The one area noted by the OIG that was in significant compliance at McCreary was the mobile heating carts, which transport food from food service to the housing units. However, these were non-functional at Pollock and Mendota, creating “potential safety risks” if there were lengthy delays in food delivery.
Reviewers at McCreary “found that there was no hand soap in a bathroom used by inmates who prepare food.” The institution’s response was that “inmates could access soap if they requested it.” This raised serious concerns about whether inmates were employing proper handwashing techniques. Also found at McCreary and Marianna were workplace hazards such as “precariously stacked food pallets” and ice accumulation on floors inside freezers.
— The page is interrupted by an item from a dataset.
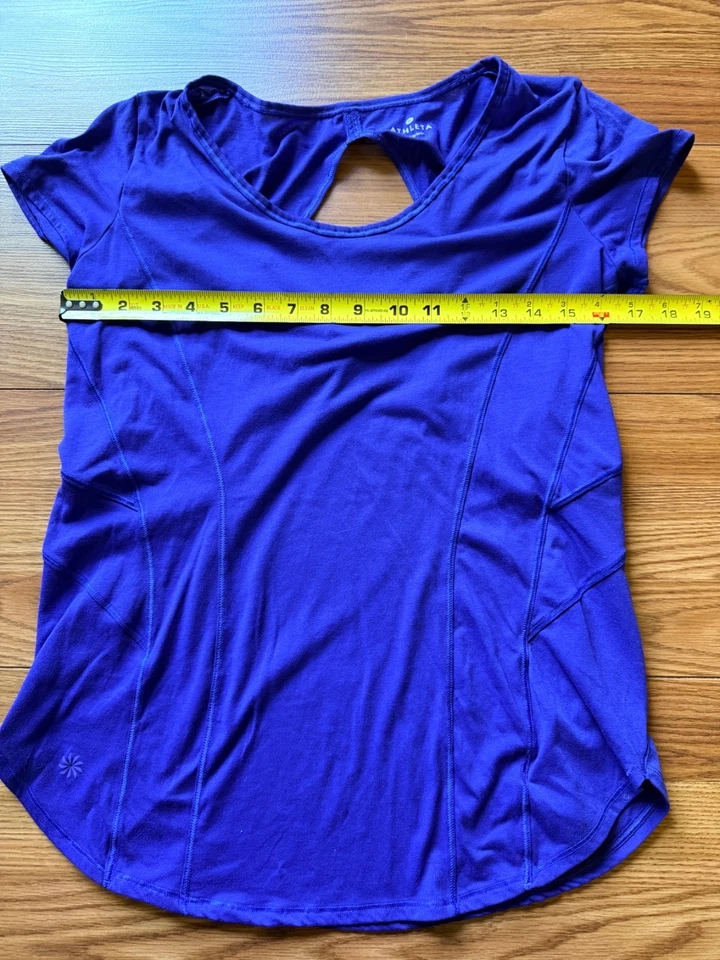 Camiseta Athleta Corte Calce Relajado Manga Gorra Camiseta Azul Brillante Talla Mediana Foto 3 de 4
The team noted that staffing levels were low at all the institutions inspected, but were “well below authorized levels” at Marianna and Mendota. These shortages “made it difficult for employees to safely monitor inmates and caused FCI Mendota to modify the way food is served.”
Overall, MCC Chicago and FCC Allenwood were found to have the fewest areas of concern during the review, though a keen-eyed reader will notice the quality of the food was inspected only indirectly. The team at Allenwood did note that “inmates routinely diverted large volumes of food and hid it, for personal use, in drop ceilings.” And the team at Chicago was largely prevented from an extensive review due to the $700,000 major kitchen renovation that was underway during the inspection.
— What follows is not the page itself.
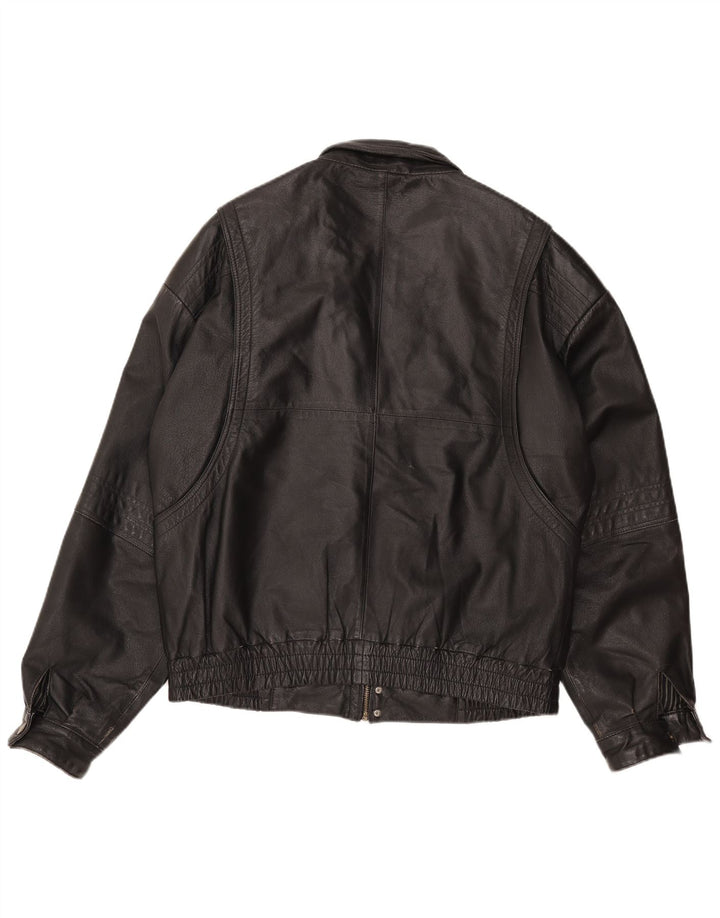 C & A Mens Leather Jacket EU 54 2XL Black Leather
By the time the OIG published the results of the inspections in June 2025, “much of the malfunctioning major food storage equipment we identified during inspections ha[d] now been repaired.”
As to the many other issues noted, the team wrote that “many of the issues we observed are manifestations of longstanding BOP-wide issues the OIG has previously identified, including ineffective contraband mitigation, insufficient security camera coverage, staff shortages, and failing infrastructure.” In 2024, the BOP identified an approximately $3 billion infrastructure repair backlog, though it is unclear that simply throwing more money at the agency would solve its many organizational challenges.